Ein weiterer Vorteil, der diese antiquierten Methoden so lange konservierte, war, dass die Selbsterzeuger den Wein oft mit sehr altem oder gar durch Maden zusätzlich fermentierten Käse (in der Regel pecorino – Schafskäse, der in der Madenvariante casu marzu, verdorbener Käse, genannt wird ) zu sich nahmen. Nach dem Genuss dieses Käses, der nach italienischem Lebensmittelgesetz verboten ist und trotzdem als Delikatesse gilt, schmeichelt saurer Wein dem Gaumen geradezu.

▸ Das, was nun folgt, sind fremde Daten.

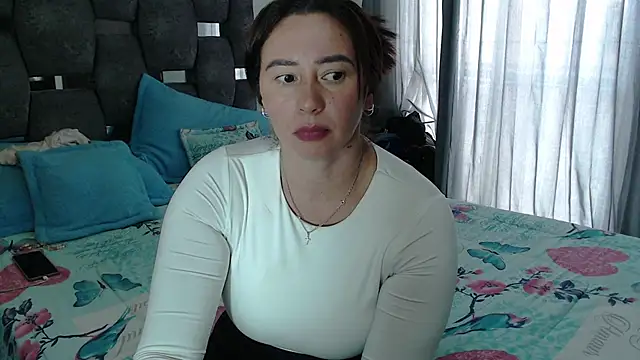 Live sex cam di sara_hott_1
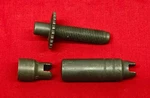 Clark 999169 Adjuster Screw Kit, Right Handed - Usa Made. Fixed Price $39.99.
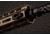 Blackout Defense QD M-LOK Mount, Black Finish, 92276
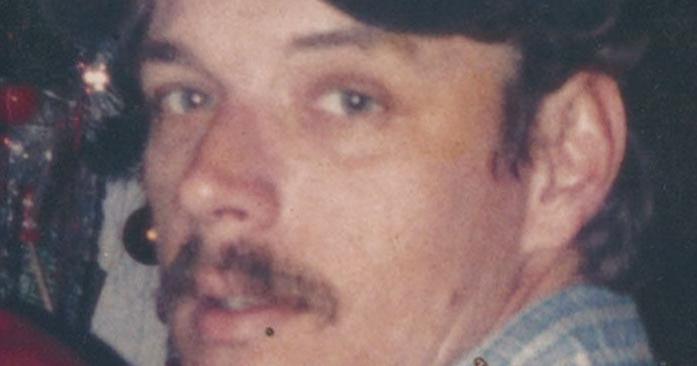 Steve Rigney | Obituaries | the-messenger.com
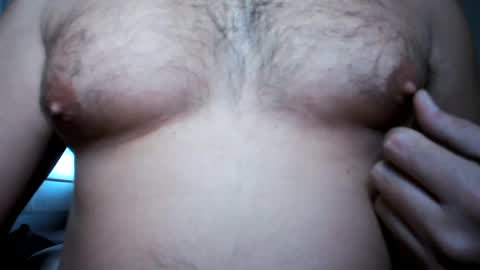 xxxotter online show from July 13, 2:08 pm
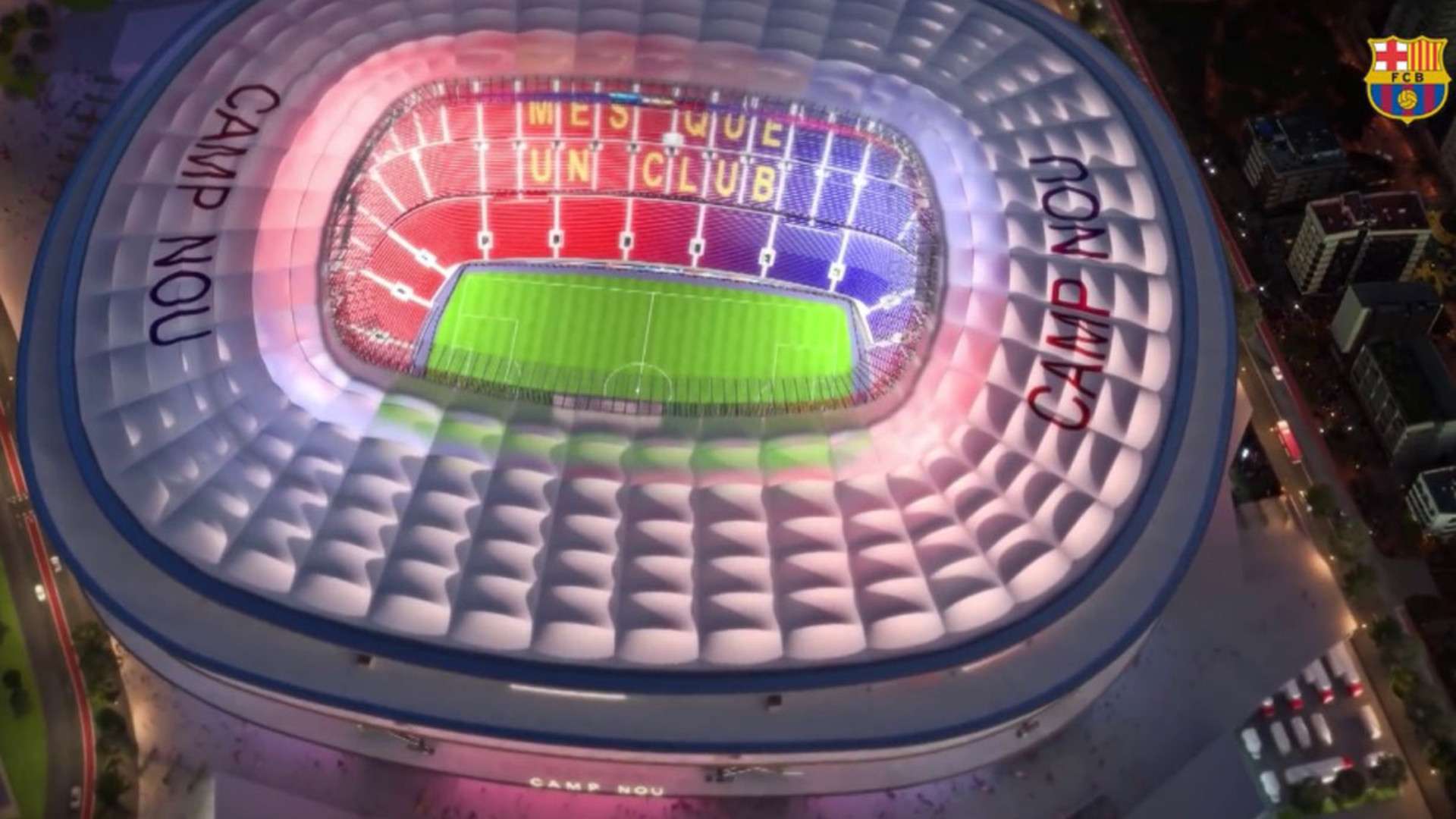 牙最具影響 牙最具影響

Doch während der essigähnliche Rotwein neben dem verbotenen Käse in oft fensterlosen Küchen sardischer Bauernhäuser noch immer sein markantes Dasein fristet, hat sich die Welt der Winzer in Sardinien längst emanzipiert. Moderne Methoden haben Einzug gehalten in die alten Weinkeller, aus weniger Sturköpfigkeit wurde mehr Erfolg, ohne die Traditionen zu verraten. Zum Teil sind auch sehr moderne, absolut avangardistische Kellereien entstanden – wie zum Beispiel Mesa in Sant’Anna Arresi.

Und der IGT – der hat daran einen ganz besonderen Anteil. Denn obwohl er als minderwertig gilt, weil “nur” mindestens 85 Prozent der Trauben (und nicht 100 wie bei DOC oder DOCG) aus der angegebenen lokalen geographischen Gegend stammen dürfen, hat der Verschnitt mehrer sardischer Trauben den sardischen Weinen nicht nur zu einem Qualitätssprung in den letzten Jahren geholfen. Sondern er hat vergorene Rebsäfte hervorgebracht, die charakterlich zu 100 Prozent wie die Sarden selbst einzigartig und stark sind, jedoch nicht nur den casu marzu essenden Sarden selbst schmecken, sondern auch einem wesentlich breiteren Publikum.

Berühmtestes Beispiel für einen sensationellen IGT ist der Turriga von Argiolas, dessen verschiedene Trauben auf den kalkhaltigen Lehmböden zwischen 200 und 300 Metern Höhe um Serdiana herum bei Cagliari wachsen. Erschaffen wurde dieser umwerfernde, kraftvolle und trotzdem leicht abgehende Rote vom leider sterblichen italienischen Weingott Giaccomo Tachis († 2016), der als der Vater nicht nur der sardischen, sondern italienischen Weinrenaissance gilt.

Abgesehen von Cabernet Sauvignon, die auch in Sardinien immer wieder gern verschnitten wird, jedoch nicht ursprünglich von der Insel stammt, werden in den roten sardischen Cuvées ansonsten nur autochtone Trauben verwandt – wie Cannonau, Bovale, Syrah, Carignano oder Monica. Sie sind berühmt für den hohen Anteil an Anti-Okzidantien, denen auch nichtsardische Gerontologen einen lebensverlängernde Wirkung zuschreiben.

Und das dürfte auch für den Serranu gelten, der jetzt in Verona zu Italiens bestem neuen Rotwein gekrönt worde.

In diesem Sinne: A kent’annos, auf hundert Jahre, wir der Sarde beim Anstoßen sagt.